As we conclude our blog series on the Lord’s Prayer called “In Limonada as it is in Heaven,” we invite you to pray with us recognizing that God is in control and to appeal to him to make his Glory known through the people of La Limonada.
Read: Introduction | Part 1 | Part 2 | Part 3 | Part 4 | Part 5 | Part 6
“For thine is the kingdom,
The power, and the glory,
or ever and ever.
Amen.”
This week’s reflection on the Lord’s Prayer is led by Chal Knox, Executive Director of Lemonade International.
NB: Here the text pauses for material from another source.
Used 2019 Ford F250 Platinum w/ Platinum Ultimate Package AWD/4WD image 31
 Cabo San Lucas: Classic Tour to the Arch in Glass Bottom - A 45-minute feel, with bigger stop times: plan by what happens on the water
La Limonada is a place of both beauty and brokenness. While there we experience both the smell of hope and the smell of indecent conditions. So as we conclude our series reflecting on the Lord’s Prayer, and we passionately pray against the injustice and violence that we see in La Limonada, it is particularly challenging to consider how the Kingdom, the Power, and the Glory are in God’s hands and not our own.
Would it be better if ours was the kingdom? Couldn’t we make more of a difference if we were in control? If we had the power? Why isn’t God doing more?
Sometimes in life we find that it is easy to see God’s blessings. Yet at other times the pain and suffering in the world seem much easier to perceive. Gregory of Nyssa once called St. Basil’s faith “ambidextrous” because he welcomed blessings with the right hand and afflictions with the left, convinced that both would serve God’s design for him. It is a gift to live life with both arms open, receiving God’s blessings with joy in one hand while at the same time accepting in the other hand that there is real, overwhelming evil in the world.
But it is not easy to live like this. Some who have felt alone or confused when facing struggles, or who have experienced serious church hurt, become unable to extend a hand to receive God’s blessings. They can only see the pain from their past. This often results in living spiritually jaded. Others are happy to enjoy God’s blessings but uncomfortable about the pain and suffering that God allows. This results in becoming spiritually naïve.
This kind of two-handed faith is the kind of faith that gives teachers and staff working in La Limonada the ability to jump for joy while still being keenly aware of the hardships and pain of the in which community they work.
To pray that the kingdom, the power, and the glory are God’s forever means that we give up control. We act, we fight, we pray, and we wait expectantly. We celebrate God’s victories together, and we mourn the tragedies together. But we do all of these things recognizing that He is the Giver. He is the King. And we are His beloved servants and friends.
Pray with us…
Father, teach us to listen to You as we pray, to hear Your voice before we act on behalf of others. To humbly remember that we are an important, but small part of Your Kingdom and Your Body. And let us see your kingdom come through each of us, including Tita and her team in La Limonada.
We trust in Your Power, not only when we feel weak, but especially when we think that we’re strong. Encourage us that in You “we are hard pressed on every side, but not crushed; perplexed, but not in despair; persecuted, but not abandoned; struck down, but not destroyed.” There is no one so far lost that Jesus’ grace can’t reach, and there is nothing that is impossible for You.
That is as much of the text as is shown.